As Vogt led Chex A Nic out of the Cow Palace following the horse’s retirement ceremony, he was glad—glad that the gelding, whom he had recently noticed was getting a bit tired during competition, was walking away with his champion’s dignity intact.
        “That retirement was a hard move for me to make because he was my power at that time,” says Vogt. “But it was what was best for him.”
        Upon exiting the arena, however, Vogt’s melancholy was momentarily put on hold as he found himself and Chex A Nic confronted with a wall of people waiting at the out gate.
        “There were hoards of people,” says Vogt, “kids hanging on the gate and everything. Knowing how wary Chex A Nic had always been of people, I thought, ‘Oh, Lord. Somebody’s going to get hurt.’ ”
        Vogt braced himself for the worst, but, surprisingly, Chex A Nic did not respond as expected. In an uncharacteristic display of affection, the gelding stretched his muzzle toward his fans’ outstretched hands as he calmly made his way out of the fray.
        “It was like he was shaking peoples’ hands,” says Vogt, who pauses and clears his throat before continuing. “He was happy to see them. It was not his personality. It was like he wanted to acknowledge them.”
        After retiring, Chex A Nic was, as promised to Vogt, turned out to a leisurely life in the pasture.
        Meanwhile, Vogt continued his own successful career. In the years since the Cow Palace event, the trainer has become one of the most recognizable and bankable names in the cow horse industry. With 31 championship titles to his name, he developed a training series called CowHorseU and a sought-after line of tack. And in 2004, he was inducted into the NRCHA Hall of Fame.

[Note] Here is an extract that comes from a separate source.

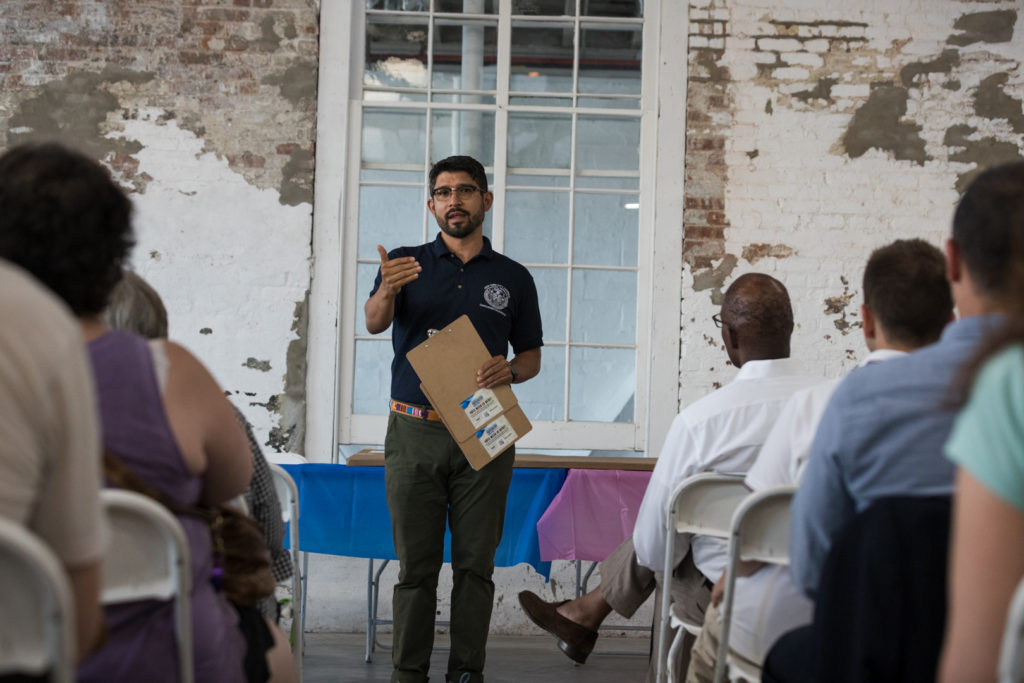 City Councilmember Carlos Menchaca speaks at the community meeting with UPS. Eagle photo by Paul Frangipane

        Although his shadow is huge in the horse industry, Vogt places more value on his horses’ accomplishments than his own, and in particular, on those of the horse that he says “truly taught him about horsemanship,” Chex A Nic.
        “I had so much respect for this horse,” says Vogt. “He gave me more than I gave him. He gave me a lot of knowledge and so much excitement. He’d become a part of my life.”
        Vogt now misses that part of his life. Four years ago, Chex A Nic developed cancer and was humanly euthanized. He is buried at Vogt’s ranch in California.
        While some horses are remembered for their one moment in the spotlight, Chex A Nic is revered for his nine years of show-ring accomplishments. His career is a source of inspiration for every owner, rider and horse who takes to the road every weekend in search of a victory that may or may not come with a headline and accolades.
        According to Vogt, there is no greater legacy for a horse than the one that Chex A Nic created.
        “He had an aura,” says Vogt. “He was like a person who walks into the room and demands respect. He was the greatest, an incredible, brave horse.
        “I’m proud to have been part of the life of Chex A Nic.”